You also meet the most beautiful people in their most authentic, raw nature. You’re out there in dirty clothes, not having showered. You smell bad. You look bad. There’s minimal distractions. It’s really the best way to get to know someone haha.
Damn, you’re making me want to go backpacking. You should write a book!
I am writing a book! Denver has an awesome writer’s community called Lighthouse Writers Workshop. Because of my mom’s passing I had to finish the PCT short, so I went back last August (2019) and hiked the remaining miles. When I came back to Denver I started taking writing classes because I knew I wanted to write a book. It’ll be a long process but worth it.
So this overlaps with your journalism degree.

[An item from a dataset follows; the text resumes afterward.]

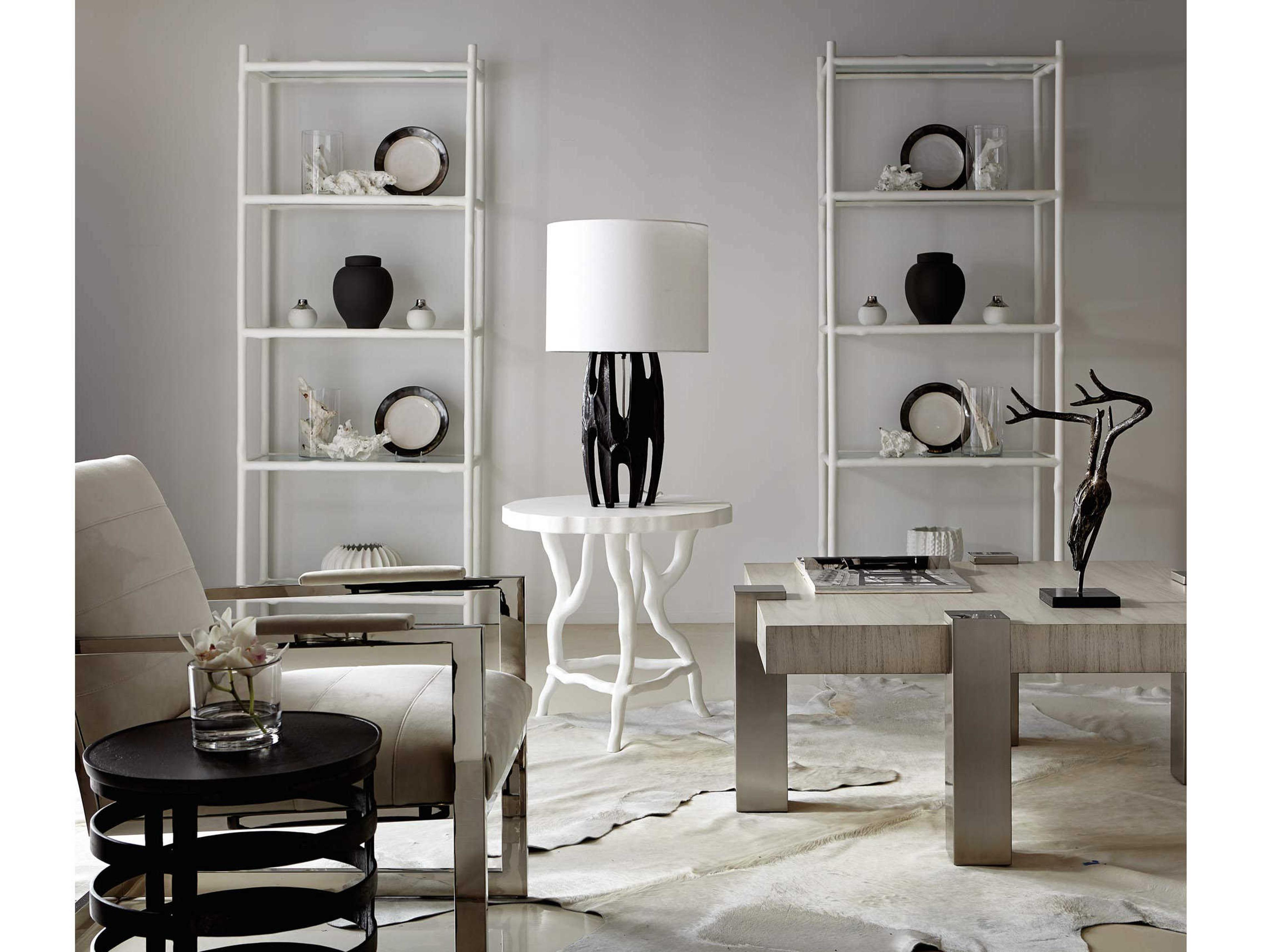 Bernhardt Interiors Casegoods Arbor Round Chalky White Chairside Table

Yeah I couldn’t be more stoked. I just have this calling to write. I’ve always wanted to write and be an author. In your 20s you’re always learning and experiencing constant lessons. I regretted not applying myself to writing then and I felt it was pretty competitive and that I wasn’t good enough. The PCT instilled the confidence in me - fuck it I can do anything!
So I know you by virtue of us working in coffee. Why coffee?
In high school my mom drank coffee. She’s the only one in our family and always made it in the morning. She would give me leftovers and I would take a cup to school. I just have a niche for being friendly to people and customer service is natural. I love interacting with people.
My friend Alex put me in touch with Jeff, owner of Blue Sparrow, a coffee shop in Denver, CO. I was going to apply to a coffee shop anyway and the rest is history! I don’t drink alcohol anymore and there’s something about a warm cup of coffee in my hand that brings me comfort.
You might not know this but I’ve introduced Strava to so many people. It brings me great joy when someone can not only have a delicious coffee in their hands, but that it’s made with love and it serves so many people along the way.
I love everything that coffee represents - every piece of it. Whereas with alcohol you’re just getting people hammered. Just letting people drown in their sorrow. At least that’s the way I look at it. This way I feel like I’m bringing joy to people. How cool is it that I can serve a community of people in such a special way.
As you know I got into the coffee buying at Blue Sparrow - I’m just stoked to learn more. I want to evolve. Coffee and the people in Denver bring me so much joy.
Well we’re stoked to be able to work with you and the rest of the Blue Sparrow crew! Thanks for taking the time to chat - your story is truly incredible.
Of course! We hope to reopen soon - all of us are eager to get back at serving our community. Thanks for reaching out!